RAMADI, Iraq, Aug. 11 (UPI) -- Al-Qaida in Iraq is exploiting the political vacuum and pending departure of U.S. combat troops in Iraq by courting tribal security forces, leaders said.
The U.S. military put former Sunni insurgents on its payroll in 2008 to wrestle the restive province of Anbar away from al-Qaida forces.
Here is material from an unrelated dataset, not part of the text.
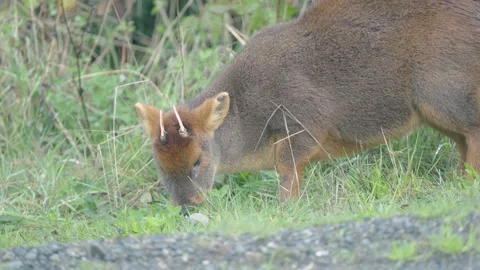 Wild Pudu Grazing in the Grass Stock Footage 313957892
The group, Sons of Iraq, later became the Iraqi backbone of the counterinsurgency strategy dubbed "the surge."
Sabah al-Janabi, the tribal leader of the Anbar Awakening Councils, which spawned the force, told London's Guardian newspaper that several members of the Sons of Iraq were taking payments from al-Qaida.
"This is my neighborhood and I know every single person living here," he said. "And I know where their allegiances lie now."
He said al-Qaida in Iraq was making a comeback as U.S. combat forces wrap up their mission and Baghdad enters its fifth month without a new government.
Al-Qaida in Iraq last month planted its flag over several police checkpoints in the Iraqi capital.
The U.S. military handed authority over the Sons of Iraq over to Baghdad in 2008, leaving the program mired in corruption and suffering from payment delays.
Zuheir Chalabi, who directs a reconciliation campaign associated with the Awakening Council, downplayed the defections, saying the numbers of soldiers leaving the force were minuscule.
"We have no indications that large numbers of Sons of Iraq have left their jobs," he said.